Maigret remarqua des rondeurs dans la cendre. Il fouilla celle-ci du bout du tisonnier, découvrit des pommes de terre non épluchées. Il comprit. Il imagina l’homme, tout seul, vers le milieu de la nuit, mangeant ses pommes de terre en regardant dans le vide.

— Votre fils ne vient jamais vous voir à l’usine ?

— Jamais !

Ici encore des gouttes de pluie tombaient une à une devant la porte, donnant une cadence irrégulière à la vie.

— Vous croyez vraiment que votre fille a été assassinée ?

L’homme ne répondit pas tout de suite. Il ne savait où poser son regard.

— Du moment que Gérard…

— Elle ne se serait pas tuée… Elle ne serait pas partie…

C’était d’un tragique inattendu. L’homme bourrait machinalement sa pipe.

— Si je ne croyais pas que ces gens-là…

— Vous connaissiez bien Joseph Peeters ?

Et Piedbœuf détournait la tête.

— Je savais qu’il ne l’épouserait pas… Ce sont des gens riches… Et nous…

Il y avait au mur une belle horloge électrique, seul luxe de cet abri.
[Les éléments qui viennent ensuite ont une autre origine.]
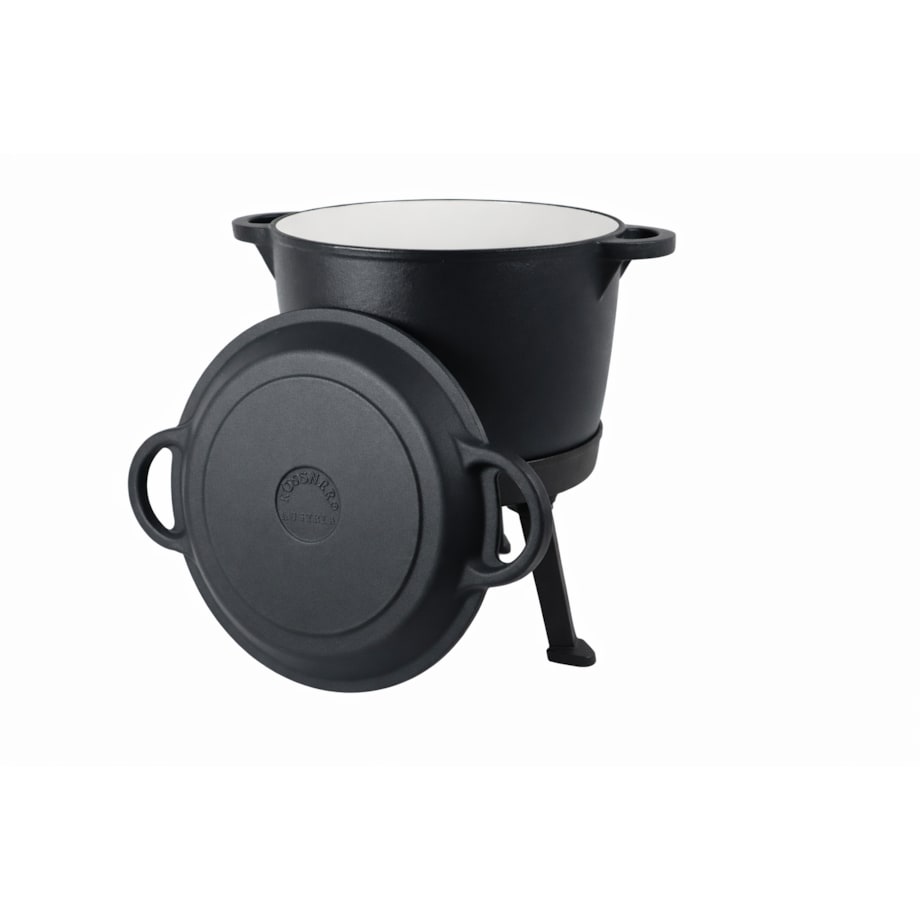 Kociołek żeliwny garnek na ognisko 2w1 emaliowany 12L grill ROSSNER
En face un tableau noir, sur lequel on avait écrit à la craie : pas d’embauche.

Près de la porte enfin, un appareil compliqué, pour enregistrer à l’aide d’une grande roue l’heure d’entrée et de sortie du personnel.
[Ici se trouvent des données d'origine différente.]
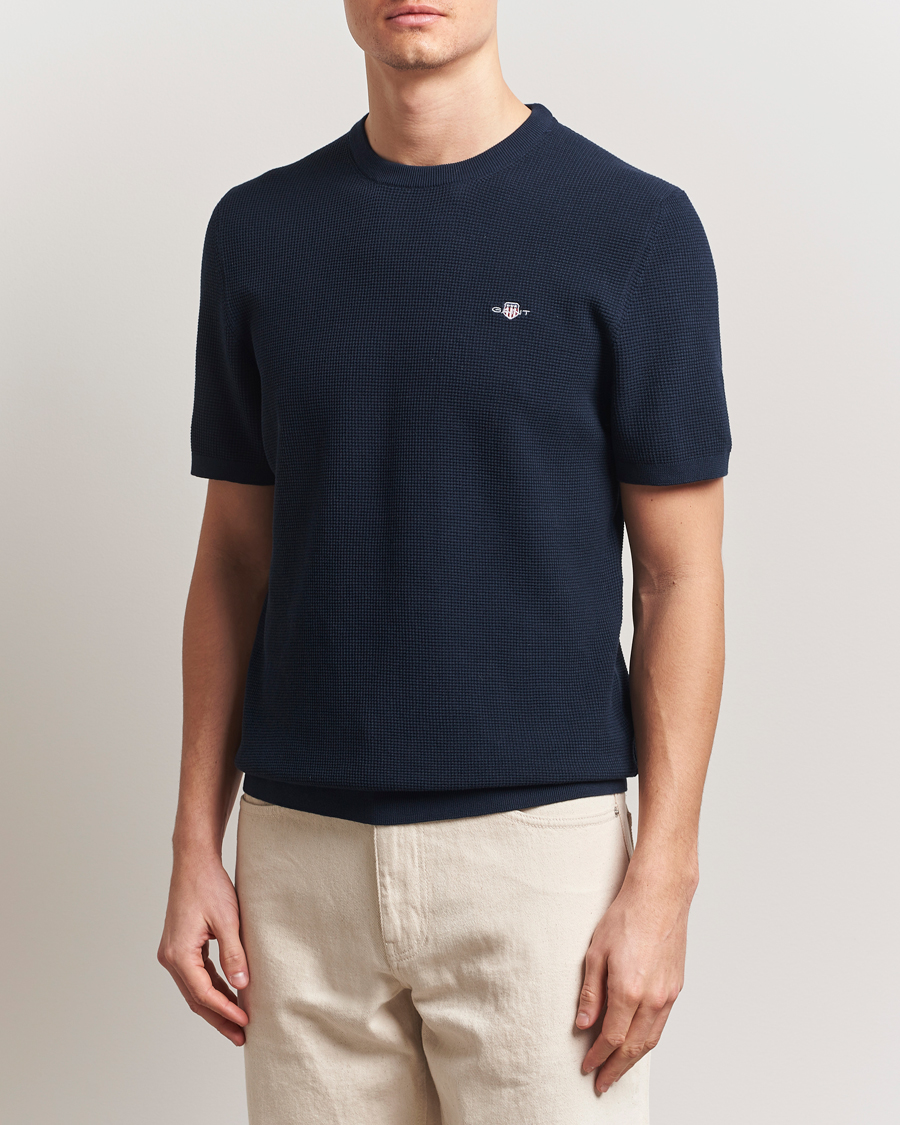 Heren | T-shirts | GANT | Micro Textured Crew Neck T-shirt Evening Blue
— C’est l’heure de la ronde…

Maigret faillit lui proposer de la faire avec lui, pour pénétrer plus avant dans la vie de cet homme. Piedbœuf endossait un ciré informe qui lui battait les talons, prenait dans un coin une lanterne-tempête tout allumée, dont il n’eut qu’à relever la mèche.
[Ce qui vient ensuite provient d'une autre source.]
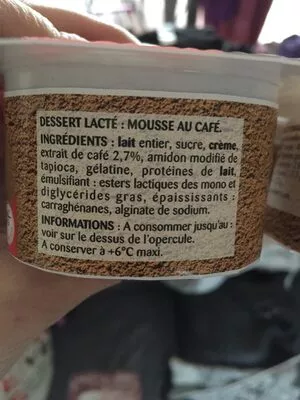 Lista de ingredientes del producto Mousse au Café Pâturages 240 g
— Je ne comprends pas pourquoi vous êtes contre nous… C’est peut-être naturel, après tout !… Gérard dit que…

Mais la pluie les interrompit, car ils atteignaient la cour. Piedbœuf conduisit son hôte jusqu’à la grille qu’il allait refermer avant de faire sa ronde.

Un étonnement de plus pour le commissaire. De là, il apercevait un paysage coupé en tranches égales par les barreaux de fer : les péniches amarrées de l’autre côté du fleuve, la maison des Flamands et sa vitrine éclairée, le quai où des lampes électriques dessinaient de cinquante en cinquante mètres des cercles de lumière.